Chi sono davvero i liberali e chi i conservatori?
Partiamo dai primi.
Ora, senza addentrarmi nella diatriba tra Einaudiani e Crociani,
posso sommariamente sostenere che il liberale – lo dice il termine stesso –
è colui che propugna la libertà in tutte le sue forme.
In ottica politica, il compianto professor Antonio Martino riteneva che un liberale autentico
fosse colui che, nello stesso medesimo istante, poteva ritenersi reazionario, conservatore e addirittura rivoluzionario,
in virtù delle condizioni caratterizzanti le libertà oggetto della propria speculazione teorica.
Ergo,
reazionario se le libertà sono ormai perse e quindi devono essere riconquistate;
conservatore laddove le libertà presentino la necessità di una particolare tutela;
rivoluzionario allorquando non vi è altra possibilità di conquistare nuove tipologie di libertà.

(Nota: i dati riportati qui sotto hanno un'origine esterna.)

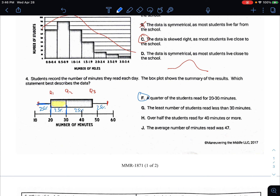'The least number of students read less than 30 minutes' — no, that's not true. About half the students read less than 30 and half read more. 'Over half the students read 40 minutes or more' — this is the halfway point and this is 40, so half the students actually read 30 minutes or more, not 40. 'The average number of minutes read was 47' — the average can't be found exactly here. So A is the correct answer.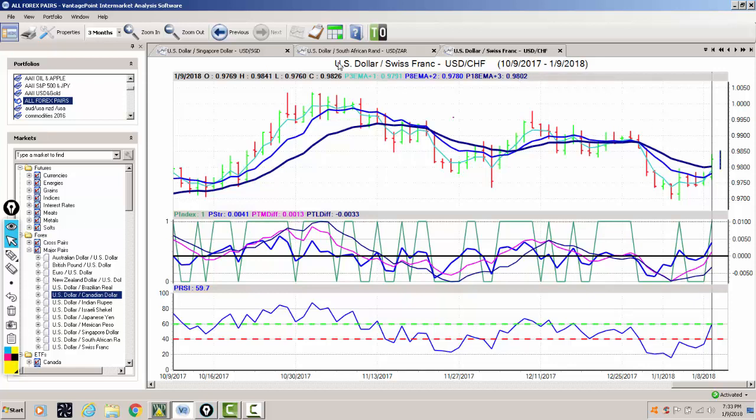Now we've closed today above the key vantage point level, 9802. We're closing 9826. Now our neural index has turned higher, our medium term crossing over our long term predicted difference, and we're at 59.7 on the predicted RSI.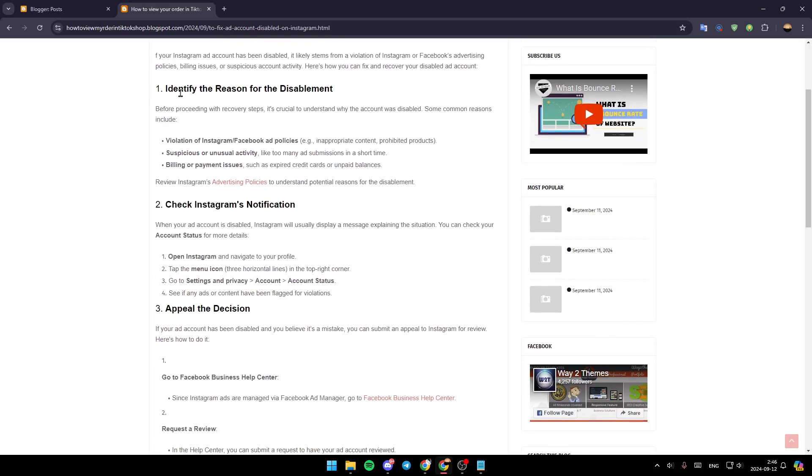First of all, identify the reason for the disablement. Before proceeding with recovery steps, it's crucial to understand why the account was disabled. Some common reasons include violation of Instagram or Facebook ad policies.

Allora è vero quando si dice che i liberali hanno la faccia come il .ulo.
Ora, i conservatori.
Questi presentano un’inclinazione naturale nel difendere delle consuetudini morali,
un particolare spirito comunitario, delle radici, una vocazione
e tutti quegli elementi che vanno a comporre un corollario valoriale
che possiamo ben interpretare e tradurre, in ottica filosofico-culturale,
mediante l’ausilio della tradizione giudaico-cristiana.
In linea generale, tutti insieme compongono l’intera galassia nella quale io che scrivo e te, che leggi, siamo usi vivere, amare e soffrire.
Specie se consideriamo i liberali vicini a una dimensione più propriamente laica,
mentre i conservatori prossimi a una realtà ben mantecata con la religione.
A fronte di tutto, comunque, vige quanto disse Filippo Turati – che liberale di certo non era – ovverosia:
“Le libertà sono tutte solidali. Non se ne offende una senza offenderle tutte”.